Repository files navigation

@fanfic/parser

Provides parsers for a variety of different fanfic resources.

SUMMARY

Currently

You bring the HTTP fetch, we bring the HTML scrabbling. You get a clean list of normalized fic objects found on the page in question, plus the url of the next page to fetch.

This pairs with @fanfic/scanner, which handles the fetching and storing in a database part of the equation.

For the future

I'll be bringing in author and fic parsing tools from fetch-fic, that can get details about authors and full metadata and content for fics.

Status

It's still a wee-bit experimental. These bits I think are pretty stable now, but they're not quite in production use as yet. They also could use some tests.

CLASSES

const { Site } = require('@fanfic/parser')

construction

  • Site.create (href) -> Site

Determine which site to construct an object for based on the URL.

  • Site.create (engine) -> Site

Given a builtin site engine name, construct a new site object.

  • Site.create (module-name) -> Site

Given a module name, require the module and return that.

For a list of what sites have built in support, see Supported Sites.

properties and methods

  • name - String

The name of the site. For most sites this is fixed per site, but some site parsers (eg the XenForo parser, which supports any site running that forum software) this may be a domain name instead.

  • fetchLink(href) -> String

Given a user visible listing URL, returns the URL that should be fetched to feed to parseScan. For most sites this is a no-op, but for some like Wattpad, this changes the HTML listing URL into a JSON listing URL.

  • parseScan(scanLink, responseBody) -> Scan

scanLink is the URL of a fanfic listing, responseBody is the content of that listing (usually, but not always, HTML).

Returns a Scan object fully filled in, with a list of fics to iterate over, and the URL of the nextPage. If there are no further pages then nextPage will be undefined.

  • normalizeLink (href[, base]) -> String

Normalizes a link related to this site, possibly resolving it on to base if one is provided. By default this forces https and strips trailing /s.

  • normalizeFicLink (href[, base]) -> String

Normalizes a link to a specific fic. By default this is just normalizeLink.

  • normalizeAuthorLink (href[, base]) -> String

Normalizes a link to a specific author.
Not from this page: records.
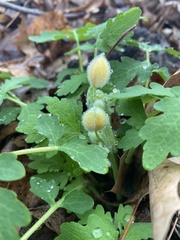 Stylophorum diphyllum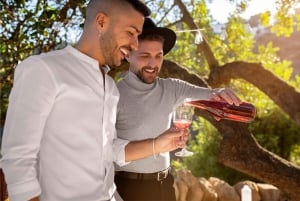 De Madrid a Castela e Leão: vinhas e cidades escondidas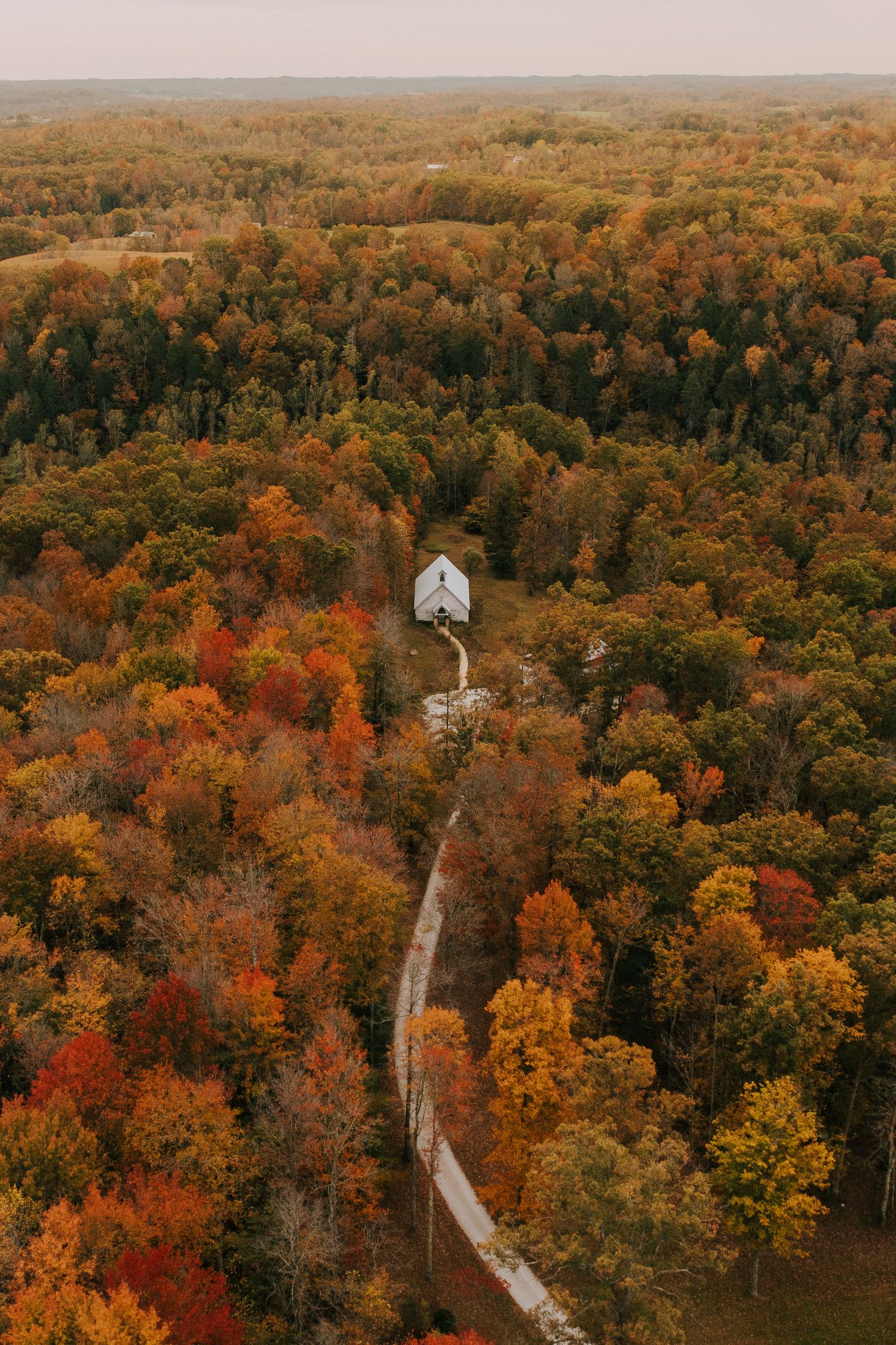 Aerial view of a winding road cutting through vibrant autumn forest with red, orange and yellow foliage.
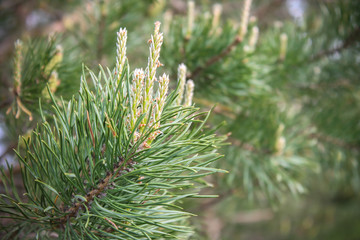 green plants beauty of nature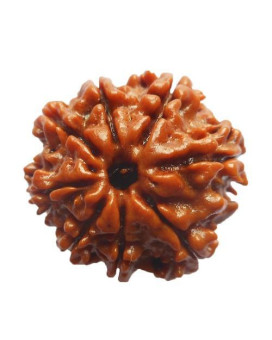 Eight Mukhi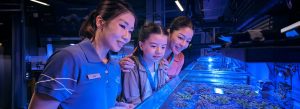 2026 animal spotlight corals at sentosa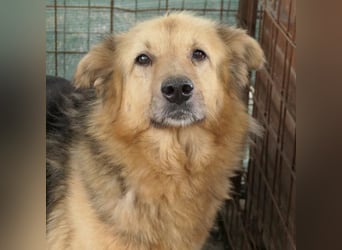 verschmuste, sanfte Alicia sucht liebevolle Menschen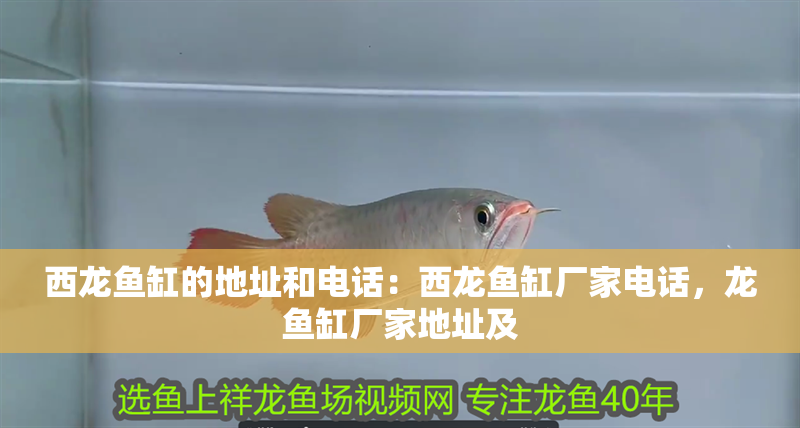 西龍魚缸的地址和電話：西龍魚缸廠家電話，龍魚缸廠家地址及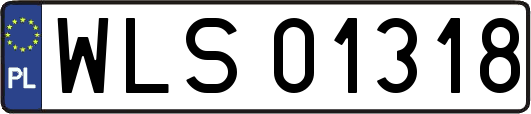 WLS01318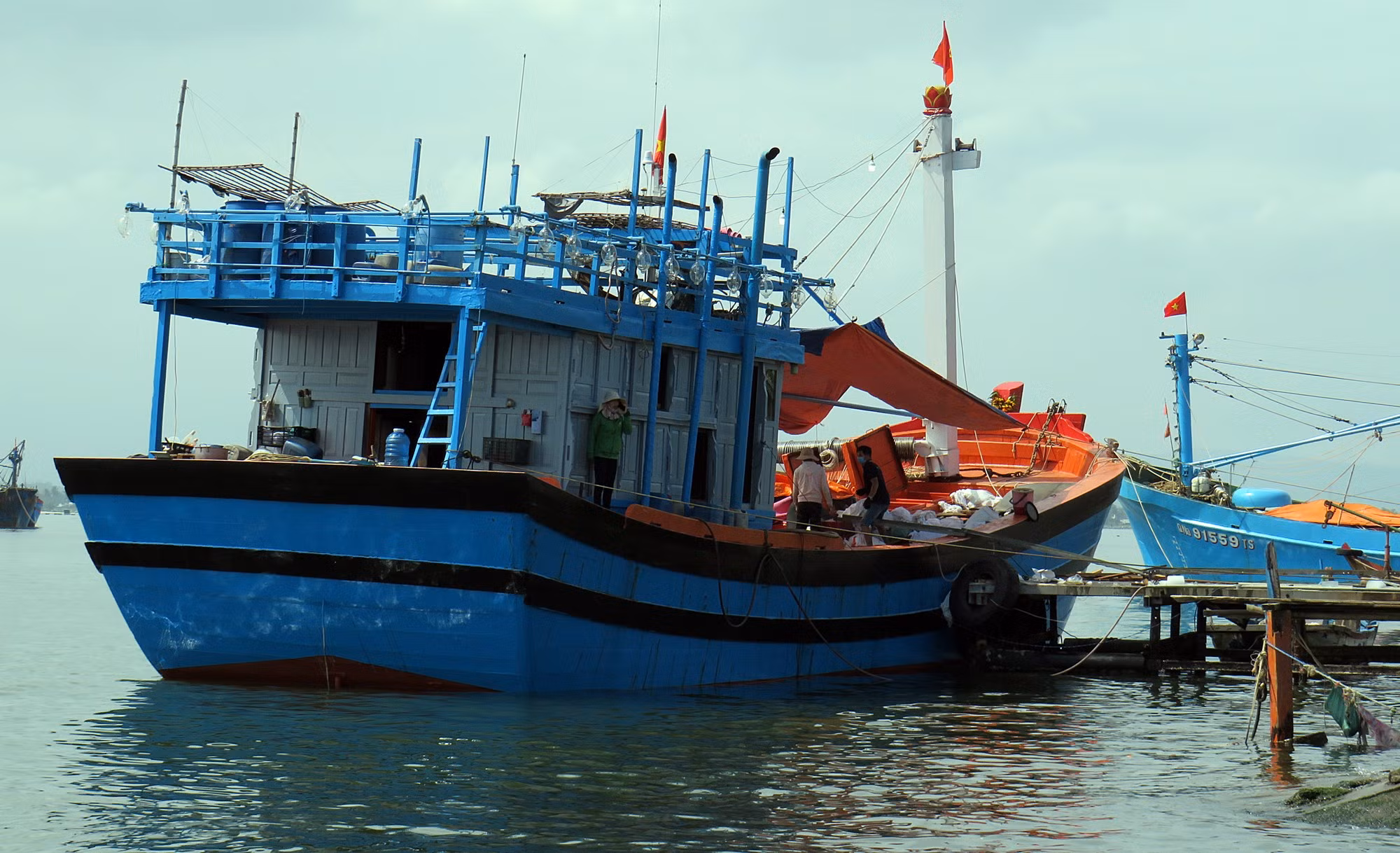 Ngư dân náo nức đi “hái lộc” biển ngay những ngày đầu năm -0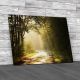 Misty Foggy Dirt Road Canvas Print Large Picture Wall Art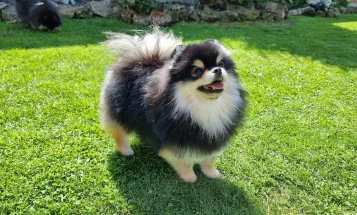 Pomeranian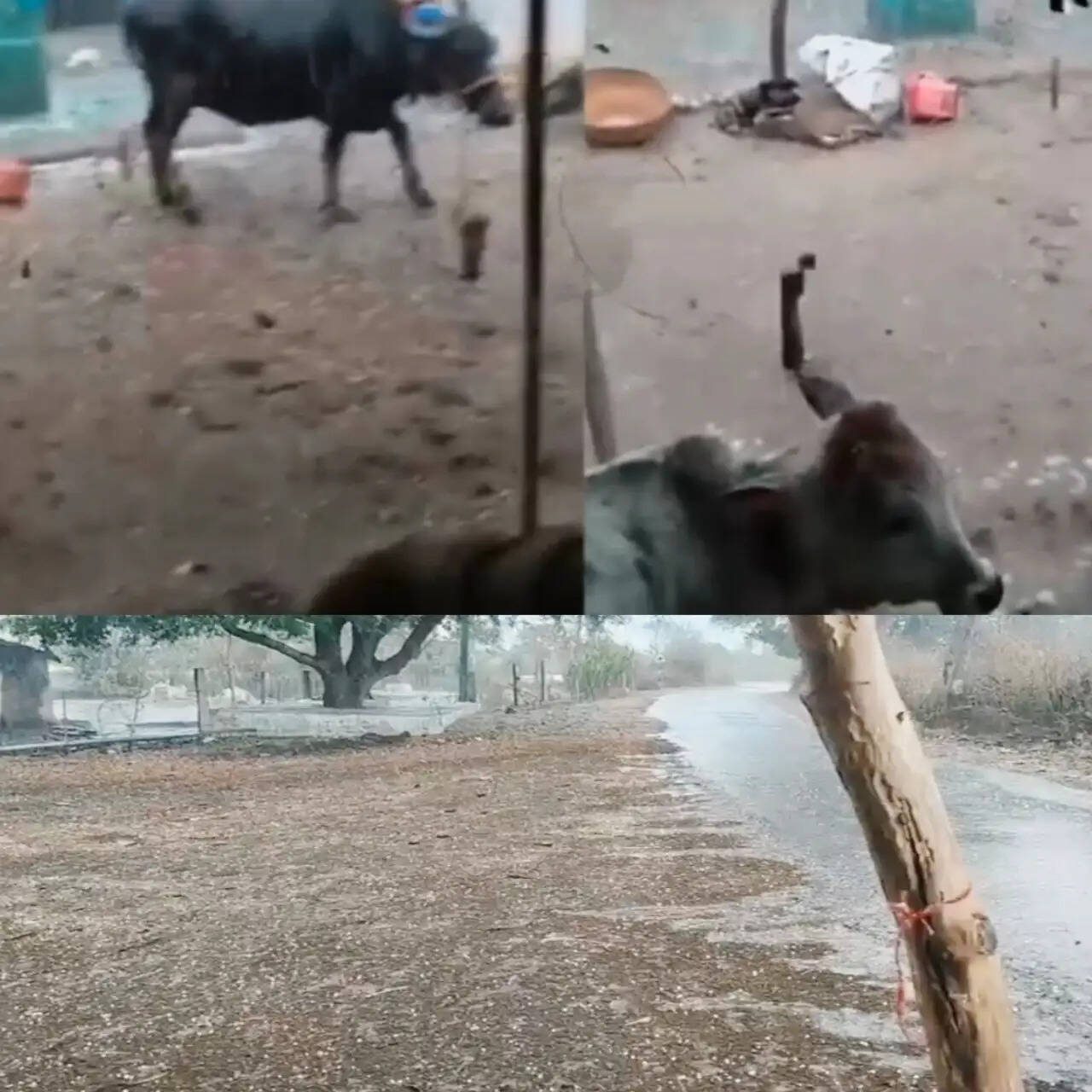 सागरः आंधी और ओलावृष्टि से फसलों को भारी नुकसान, किसानों के माथे पर चिंता की लकीरें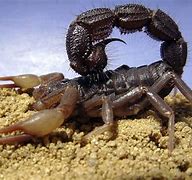 Image result for Most Poisonous Scorpion in the World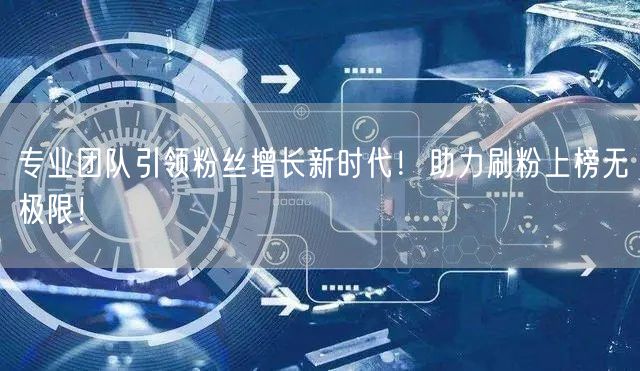 专业团队引领粉丝增长新时代！助力刷粉上榜无极限！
By default this is just normalizeLink.

  • ficLinkFromId (siteId, base) -> String

Generates a link to a fic from the site specific id of that fic.

  • newFic ([obj]) -> Fic

Creates an instance of a new fic, possibly of a site specific Fic subclass, initialized with obj if one is provided. Ordinarily this is called via scan.addFic.

  • num (str) -> Number

Converts a string into a number in a site specific manner. By default this strips commas and then passes it to Number().

const { Scan } = require('@fanfic/parser')

construction

Scan objects are ordinarily constructed and returned by a Site's parseScan method.

properties and methods

  • site - Site

An instance of the site class that was used to construct these scan results.

  • fics - Array

The array of fics parsed from this scan.

  • nextPage - String

The URL of the next page of this scan, parsed during the current scan.

  • constructor (site, nextPage)

Initializes the object's properties. site is an object of the Site class.

  • addFic ([obj]) -> Fic

Constructs either an empty Fic object or one initialized from obj if obj was passed in. Uses this.site's newFic method to construct the fic object, such that it can be a site-specific subclass. The resulting Fic object is pushed on to this.fics and then returned.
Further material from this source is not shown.